**Material supplied**
Segment Open

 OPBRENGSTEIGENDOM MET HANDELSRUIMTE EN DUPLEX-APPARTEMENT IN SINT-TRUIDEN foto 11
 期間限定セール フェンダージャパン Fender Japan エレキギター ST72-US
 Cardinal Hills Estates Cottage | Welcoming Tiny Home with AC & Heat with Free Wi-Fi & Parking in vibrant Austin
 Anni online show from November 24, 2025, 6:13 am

Segment Closed
Segment Open

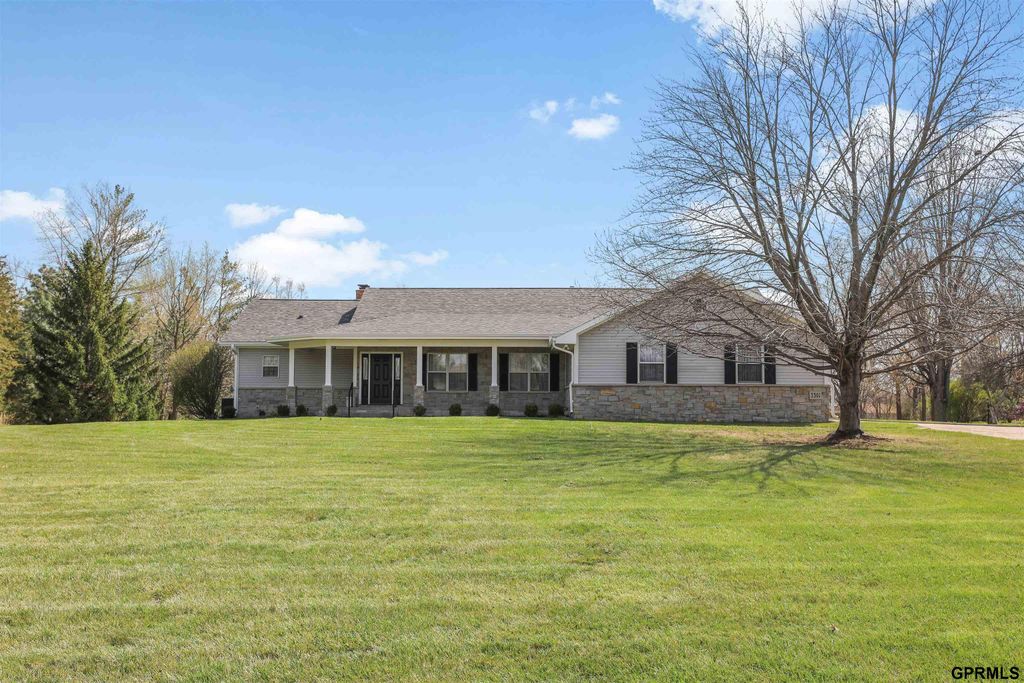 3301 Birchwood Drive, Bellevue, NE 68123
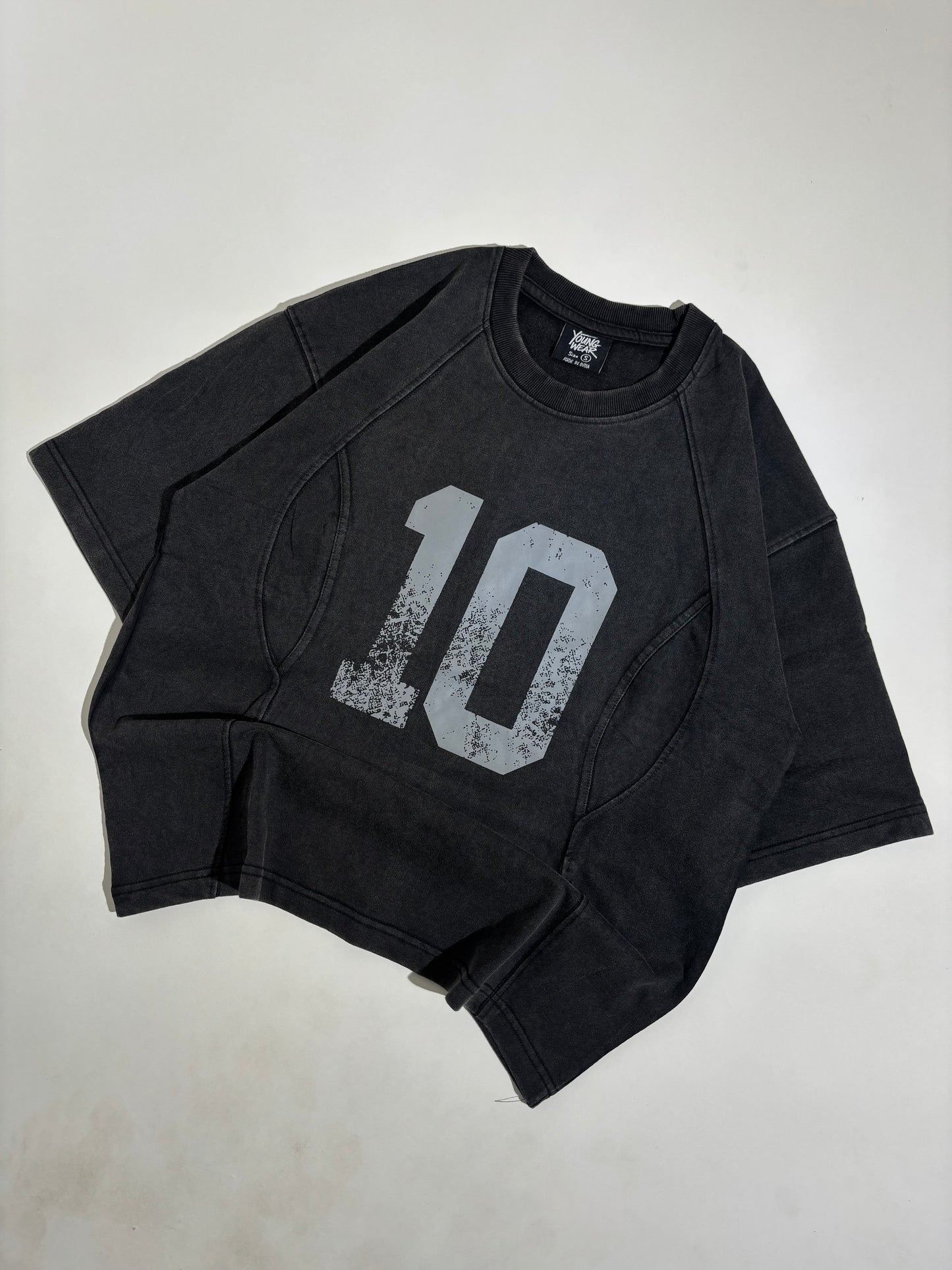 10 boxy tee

Segment Closed
Segment Open

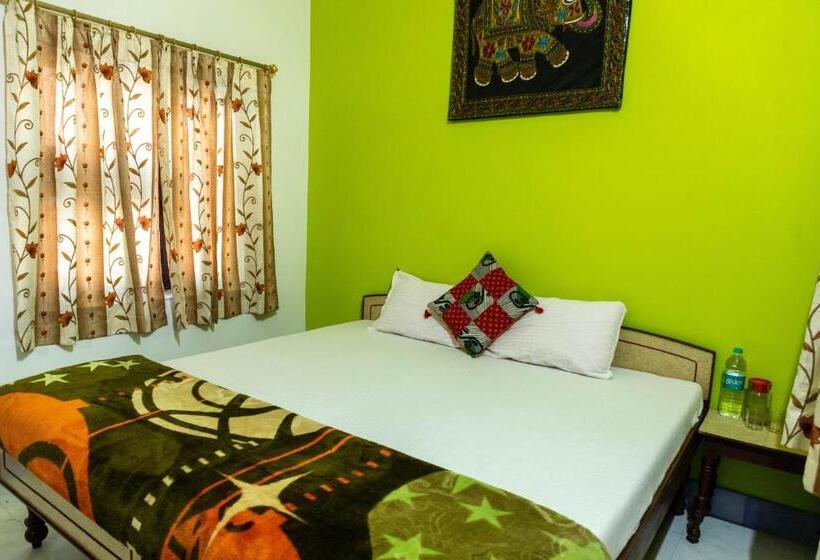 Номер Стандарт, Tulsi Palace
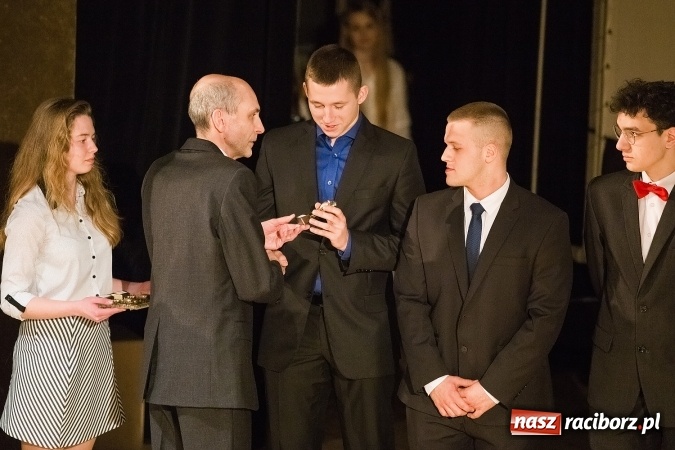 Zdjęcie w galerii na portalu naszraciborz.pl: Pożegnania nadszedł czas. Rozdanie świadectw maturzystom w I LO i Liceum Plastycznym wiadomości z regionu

Segment Closed

**Exercise requirements**
Out of the data above, give again only the lines starting at the one holding "OPBRENGSTEIGENDOM MET HANDELSRUIMTE" and ending at the one holding "Anni online show", unchanged.

**Reply**
 OPBRENGSTEIGENDOM MET HANDELSRUIMTE EN DUPLEX-APPARTEMENT IN SINT-TRUIDEN foto 11
 期間限定セール フェンダージャパン Fender Japan エレキギター ST72-US
 Cardinal Hills Estates Cottage | Welcoming Tiny Home with AC & Heat with Free Wi-Fi & Parking in vibrant Austin
 Anni online show from November 24, 2025, 6:13 am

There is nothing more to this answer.